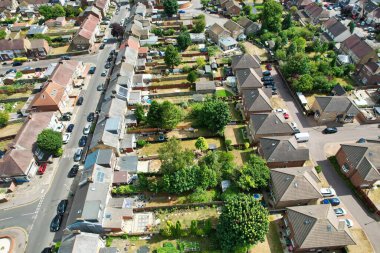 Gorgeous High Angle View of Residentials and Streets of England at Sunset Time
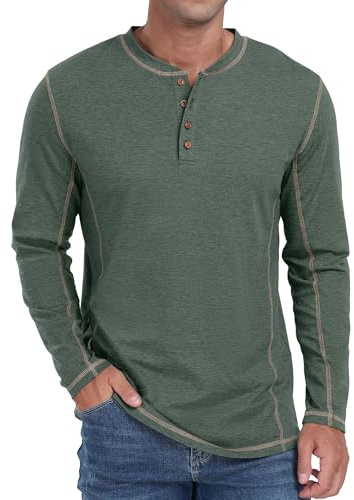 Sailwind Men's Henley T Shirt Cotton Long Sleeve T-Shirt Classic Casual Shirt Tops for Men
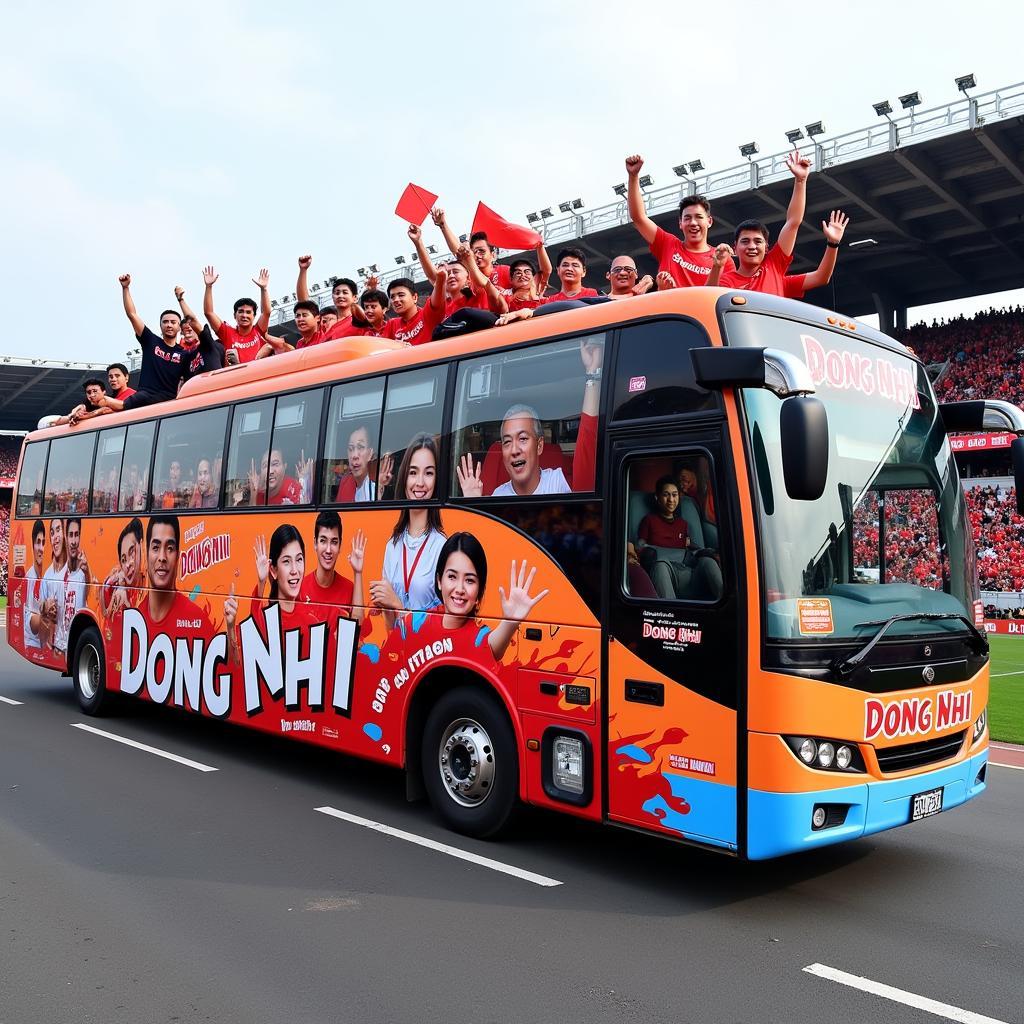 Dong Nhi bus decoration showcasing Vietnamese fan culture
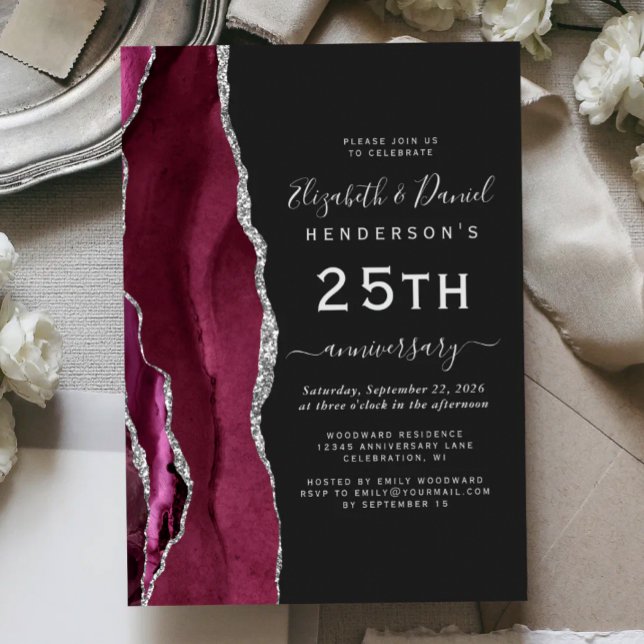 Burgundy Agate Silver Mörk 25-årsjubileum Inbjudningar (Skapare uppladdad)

--

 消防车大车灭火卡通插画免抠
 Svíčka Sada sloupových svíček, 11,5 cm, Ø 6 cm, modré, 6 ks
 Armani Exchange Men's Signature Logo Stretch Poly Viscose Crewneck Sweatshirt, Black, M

Work task = Would you copy the lines above exactly, starting with the one that has "Gorgeous High Angle" and ending with the one that has "Burgundy Agate Silver", both included, without the pictures?

Expected answer =
 Gorgeous High Angle View of Residentials and Streets of England at Sunset Time
 Sailwind Men's Henley T Shirt Cotton Long Sleeve T-Shirt Classic Casual Shirt Tops for Men
 Dong Nhi bus decoration showcasing Vietnamese fan culture
 Burgundy Agate Silver Mörk 25-årsjubileum Inbjudningar (Skapare uppladdad)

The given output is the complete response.